■ Instructions to follow:
Print the whole listing again exactly, keeping no pictures in it.

■ Raw data:
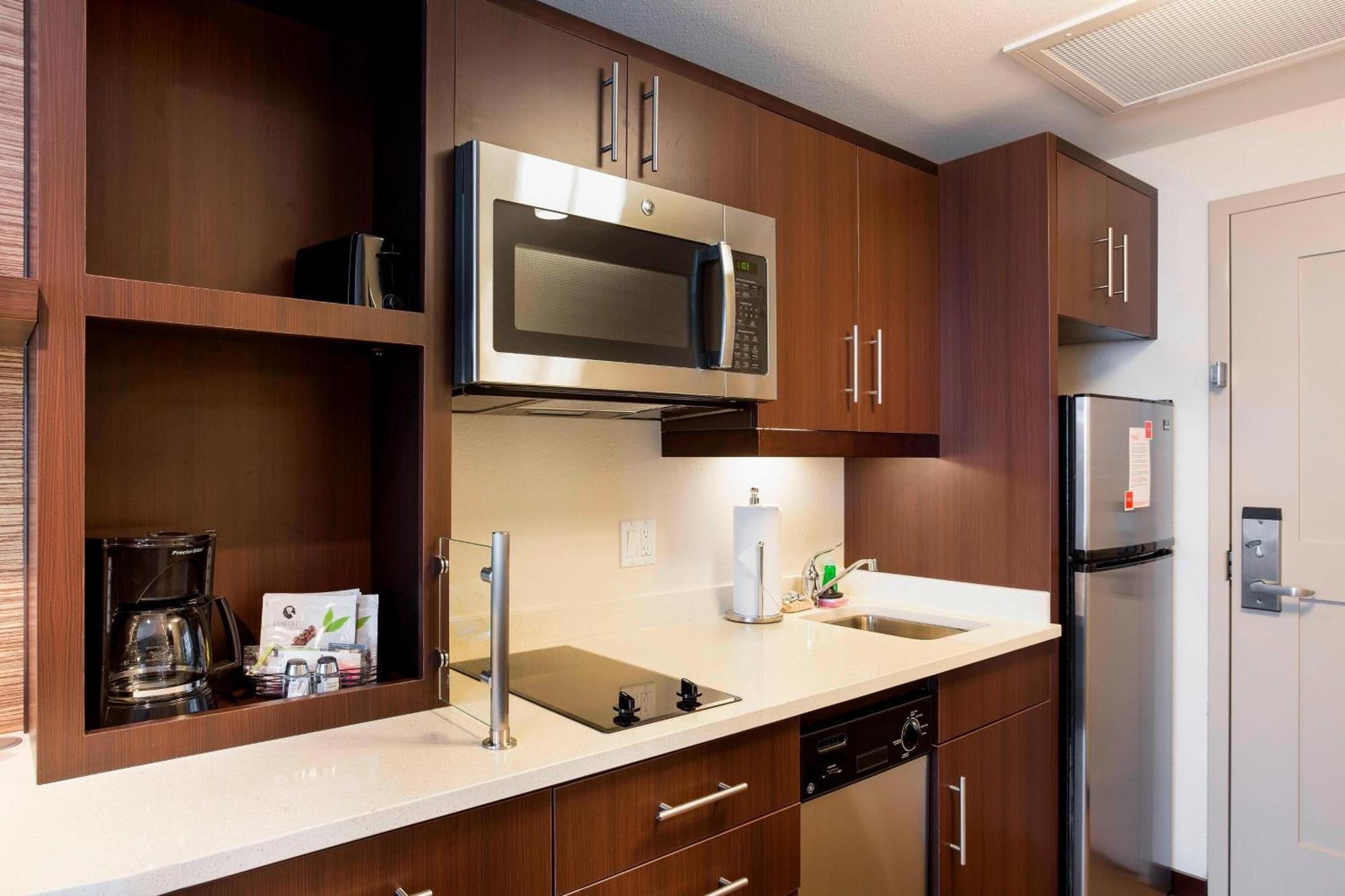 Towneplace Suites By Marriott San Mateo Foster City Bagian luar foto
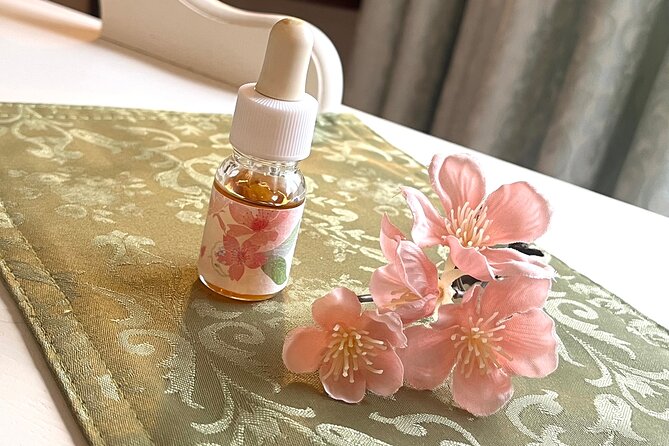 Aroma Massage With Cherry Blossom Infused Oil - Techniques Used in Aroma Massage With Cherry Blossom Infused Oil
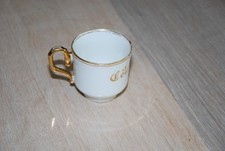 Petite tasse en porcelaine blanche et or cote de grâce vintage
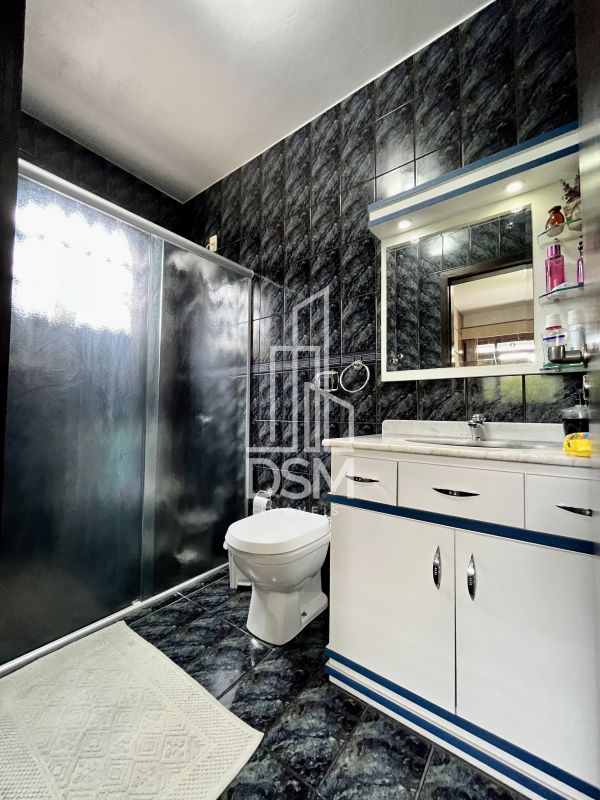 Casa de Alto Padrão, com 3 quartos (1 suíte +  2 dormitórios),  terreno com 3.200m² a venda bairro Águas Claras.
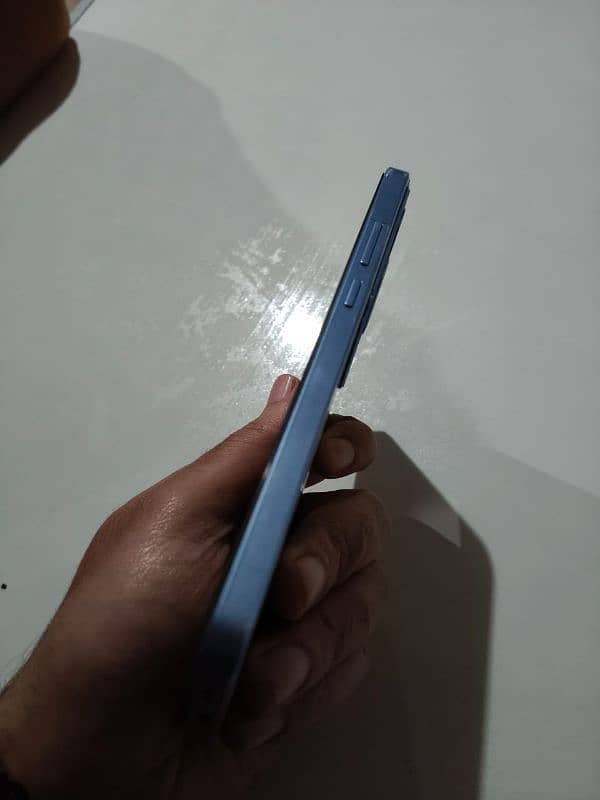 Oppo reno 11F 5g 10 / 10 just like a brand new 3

■ Written response:
 Towneplace Suites By Marriott San Mateo Foster City Bagian luar foto
 Aroma Massage With Cherry Blossom Infused Oil - Techniques Used in Aroma Massage With Cherry Blossom Infused Oil
 Petite tasse en porcelaine blanche et or cote de grâce vintage
 Casa de Alto Padrão, com 3 quartos (1 suíte +  2 dormitórios),  terreno com 3.200m² a venda bairro Águas Claras.
 Oppo reno 11F 5g 10 / 10 just like a brand new 3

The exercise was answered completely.